Cette année a été couronnée de succès pour Jonathan Hivernat. Une nouvelle fois champion de France avec le Stade Toulousain, champion d'Europe avec les Bleus pour la 2e fois en six mois, le capitaine ultra dynamique sur le terrain savoure. "On travaille toute l'année ces différents tournois. C'est une année pleine, avec de la réussite, signe que le travail paye" sourit-il, déjà tourné vers l'échéance d'une vie dans un an pile.
"Le mouvement paralympique, c'est du sport de haut-niveau"
"On a une réelle détermination pour défendre au mieux nos couleurs" avoue-t-il sobrement lorsqu'on lui évoque ces Jeux Paralympiques à la maison. Une compétition qu'il connaît bien pour l'avoir vécu à Rio en 2016 puis à Tokyo en 2021. "Les Jeux, ça m'inspire beaucoup de choses. On fait du sport pour vivre ces émotions-là. c'est une fête sportive, avec du partage. On aura à coeur de bien y figurer" reconnaît-il.
Compétiteur dans l'âme, Jonathan Hivernat veut emmener son équipe le plus loin possible. Mais pas que. "On a des messages à faire passer. Il reste beaucoup de choses à faire, même si beaucoup vont déjà dans le bon sens. On veut démontrer que le mouvement paralympique, c'est aussi du sport de très très haut niveau" porte-t-il.
Son exemple est parlant. Souffrant d'une maladie dégénérative, il "n'était peut-être la personne la moins destinée à faire du très haut-niveau" comme il le dit. Mais à force de courage et de résilience, il n'a jamais lâché. "Si je m'étais arrêté à ce qu'on me disait sur ma pathologie, j'aurais dû être paralysé de tous mes membres à 21 ans. Ce sport est synonyme de forme, de résilience. Quelque soit qui on est, notre forme, la vie mérite d'être pleinement vécue en s'exprimant de la meilleure des façons" philosophe-t-il.

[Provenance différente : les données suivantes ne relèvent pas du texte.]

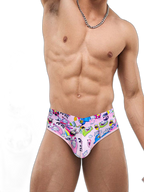 2 Pack Men's Playful Cartoon No-Tag Comfortable and Breathable Briefs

Mais hors de question de se mettre la pression sous prétexte que les Jeux sont à domicile. "On se sert de la pression et on va croquer les Jeux à pleines dents devant un public, nos familles et nos amis. On n'a rien à perdre car on a moins de moyens par rapport à d'autres nations" rappelle-t-il. Mais la France du rugby-fauteuil ne cesse de franchir les paliers. Et aimerait bien montrer aux yeux du monde qu'elle mérite plus de reconnaissance.